Enough targets have been identified. It’s time to take a look. Last evening, Ballard gave the order to pull bottom-scanning sonar “fish” and drop Argus—the eyes of the expedition.

By 10:00 p.m. the DSL-120 is on deck. At 1:50 a.m. Argus—the camera-equipped remotely operated imaging vehicle (ROV)—is launched.

Despite the hour there’s a palpable buzz in the air: finally a chance to peer into the depths of the Black Sea. It seems as if the entire expedition team is crammed into the mission control room. Three large video monitors display a live feed from Argus’s video cameras.

Zooplankton, illuminated by the ROV’s lights, drifts like snow across the green-hued monitor display of the sea as Argus sinks slowly toward the sea-floor. What will be revealed?

“O.K. We’re heading right toward the target. Altitude 40 meters,” says ROV engineer Craig Elder.

The team zeroes in on its first target, a nebulous feature barely discernible on the sea-floor. Institute for Exploration oceanographer Dwight Coleman would later describe the target this way: “It was interesting, but we weren’t quite sure what to make of it.”

The team documents the site with a mosaic of digital images, then moves on to eyeball the next target. The process repeats itself again at a third target.

Sometime around 5:00 a.m. the sonar fails on Argus. It’s a significant set-back. Without Argus’s 100-meter distance vision, the team is reduced to visually searching for targets through the ROV’s video cameras. ROV engineer Dave Wright later likens it to groping around in the dark with an outstretched arm. But for now, that’s all the expedition team can do.

Eventually the order to yank Argus is given. By 8:30 a.m. the ROV sits on the fantail of the Northern Horizon. Despite the equipment failure, the consensus among the crew is that Argus—fresh off the shelf and relatively untested—has performed admirably to date.
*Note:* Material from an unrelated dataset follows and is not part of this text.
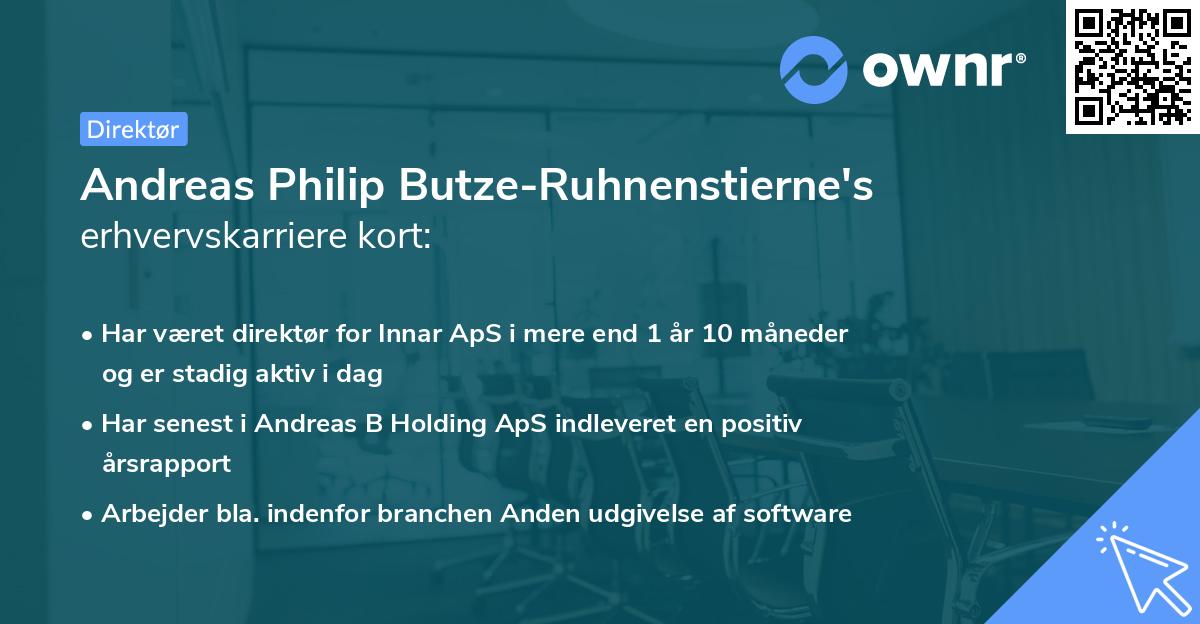 Andreas Philip Butze-Ruhnenstierne's erhvervskarriere kort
Down in the lower-deck mess hall Ballard strides in for breakfast after the long night’s work, booming good-naturedly, “No sonar? No sonar? That sucks.”
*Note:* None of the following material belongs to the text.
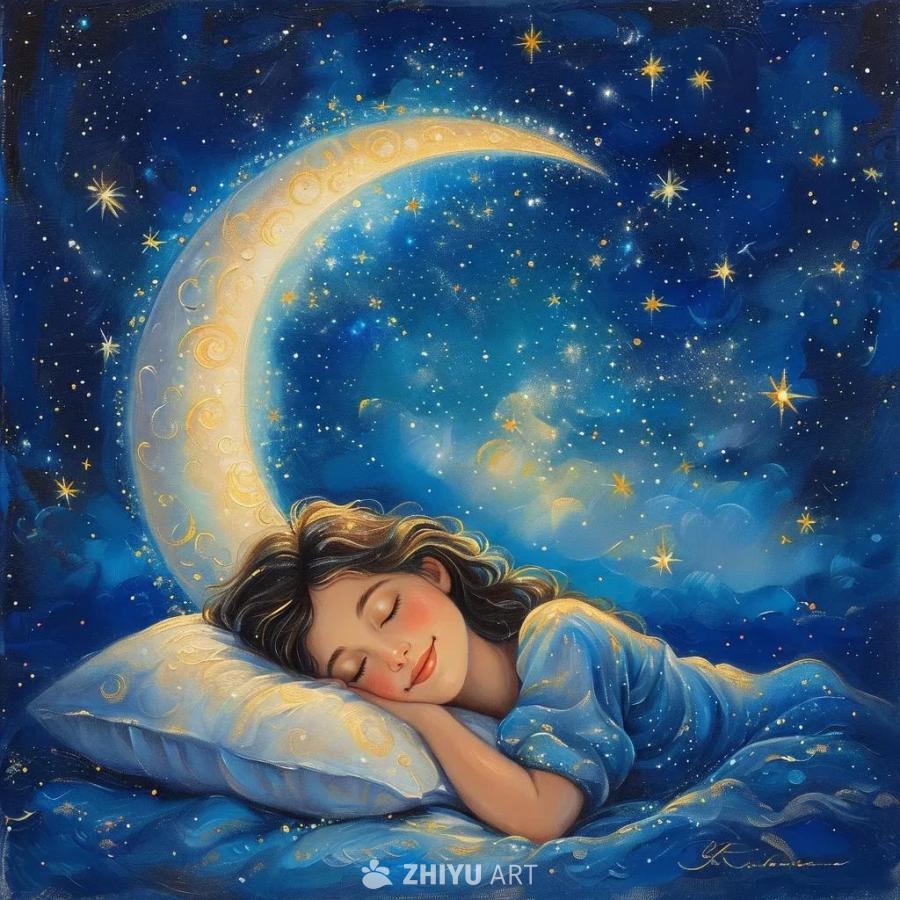 一个柔和的星夜天空，悬挂着一弯新月。一个面带微笑的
I ask Jim Newman, the developer and builder of Argus, what happened to the ROV’s sonar unit. “It leaked,” he said. “Pretty fundamental problem.”

At present, the team works to restore its vision.


Dispatch 7: New Targets

Yesterday’s problem has led to today’s promise. Two days ago, the sonar unit on Argus, the expedition team’s remotely operated imaging vehicle flooded. The team has since gamely tried to visually inspect targets. But they’ve been harder to find with the near-sighted ROV.
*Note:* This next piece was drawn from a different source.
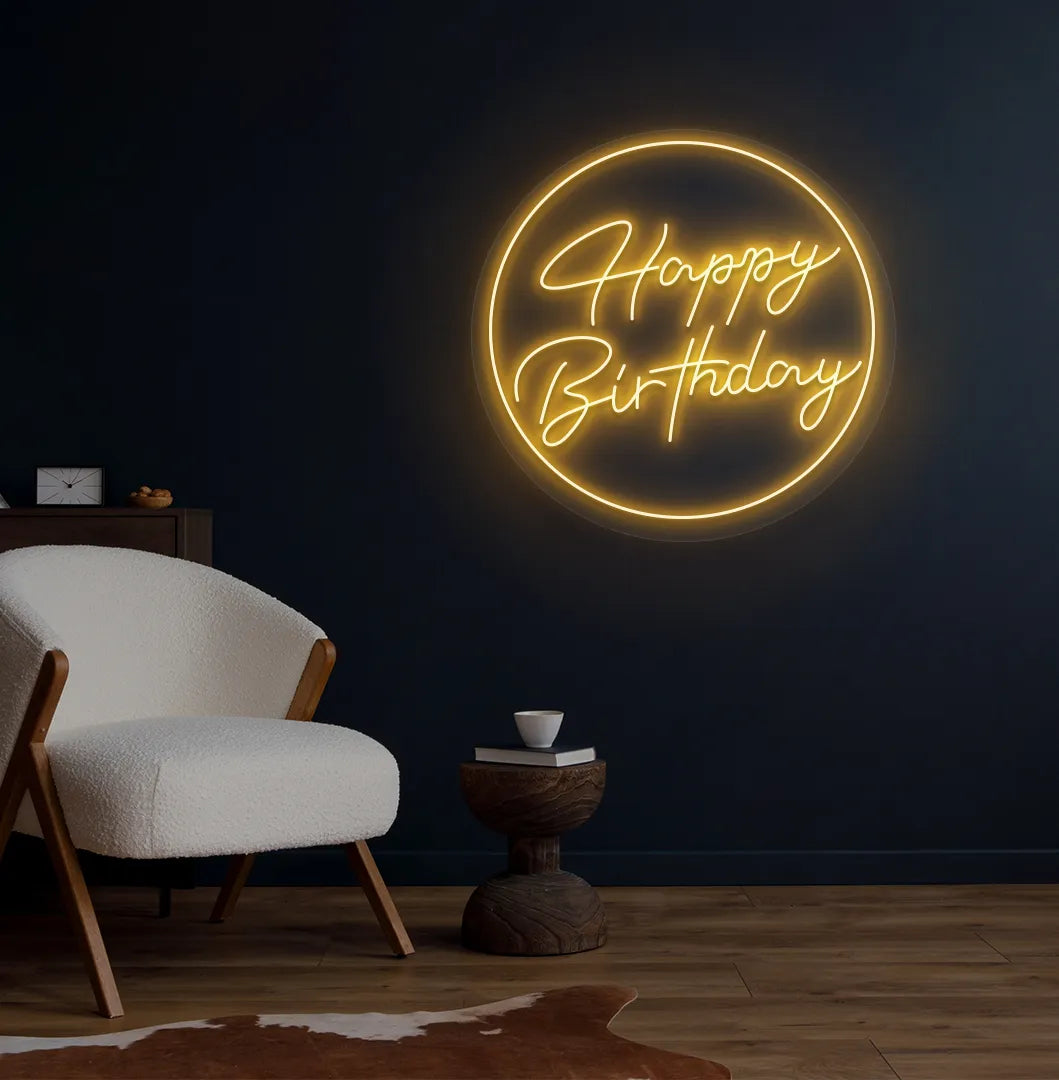 Image of a bright orange happy Birthday circle neon sign for birthday party.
So Ballard changes tact. Yesterday, he ordered the team to re-deploy the DSL-120, the side-scan sonar “fish.”

Why? While reviewing sonar sea-floor map data gathered during the team’s initial survey, Ballard glimpsed another ancient river channel.

It lies at the far eastern edge of the expedition’s permitted survey area. Ballard hopes to map this ancient feature. Perhaps signs of ancient settlement will be found there.

At 3:55 a.m. this morning the sonar display in the control room begins to light up with targets. Data-logger Sam McMurtry later tells me that over the next hour and a half a constellation of 30-odd targets over a 22-kilometer survey area are identified. Could this be a large-scale settlement?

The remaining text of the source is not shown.